Why you drove an hour for a plate of French fries: Picture a mountain of French fries on a white plate — the thin, crispy kind you can safely call perfect, each one crunchy, not a single soggy one in the bunch. And on top of those fries: thick shreds of sharp cheddar cheese just starting to melt, gooey sweet caramelized onion, paper-thin slices of sweet, garlicky short rib and a generous squeeze of bright pink, spicy tartar sauce. These are what Nguyen calls her shaken hours fries. Just think of them as a way-better version of In-N-Out Animal-Style fries.
“It was actually a staff meal I made randomly because our staff was sick of eating pho every day,” said Nguyen. “They were looking to buy In-N-Out Animal-Style fries.” So Nguyen made her own version, which you can now find on almost every table at the restaurant, at all hours of the day and night.

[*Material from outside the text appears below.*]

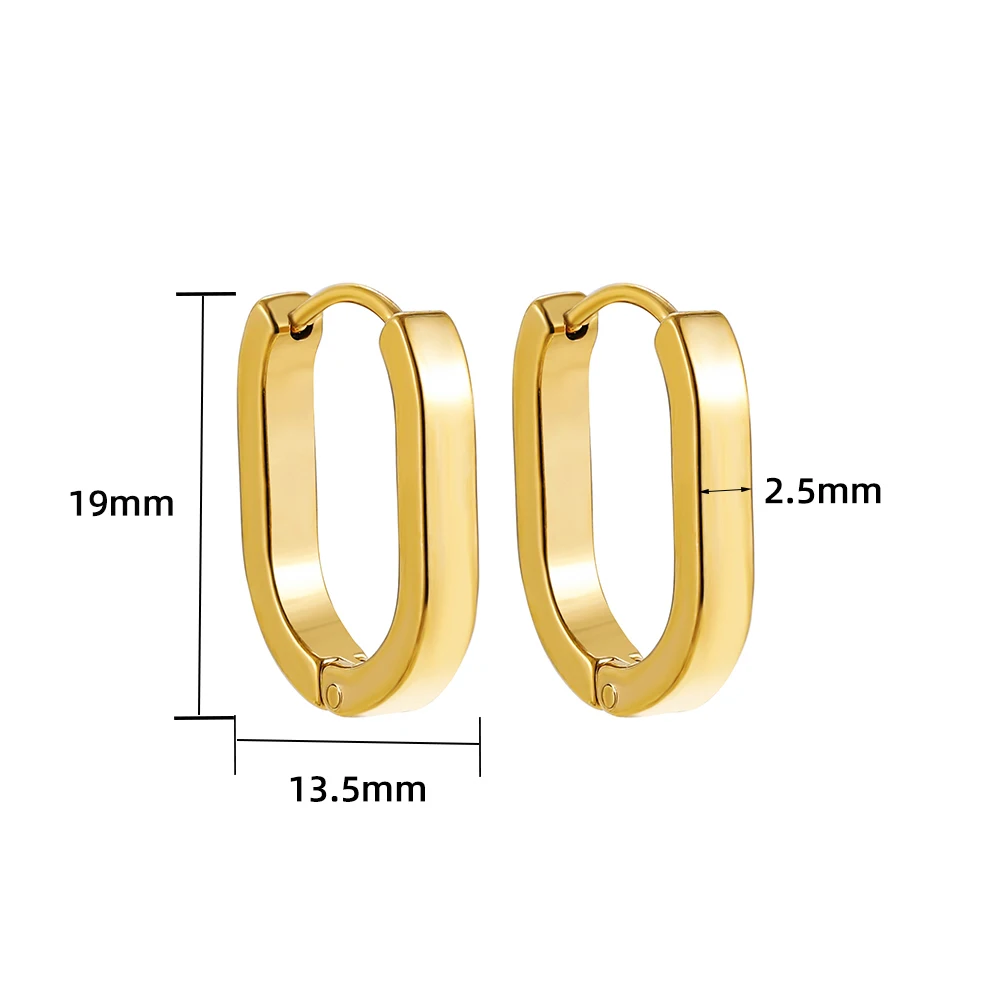 Fashion Gold Color Metaeometric Square Hoop Earring For Women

Those bao are fried! Listed as the first item on the menu are the “golden bao.” They’re a cross between a dumpling, an empanada and a meatball, inspired by Nguyen’s aunt’s recipe for Vietnamese pork dumplings. So what exactly are these? A thick fried dough ball encases a filling of ground pork shoulder, caramelized onions, mushrooms, hard-boiled eggs and Chinese sausage. It’s the ultimate savory meatball doughnut. (Apparently meatball doughnuts are now a thing; if you spot one elsewhere, please let us know.)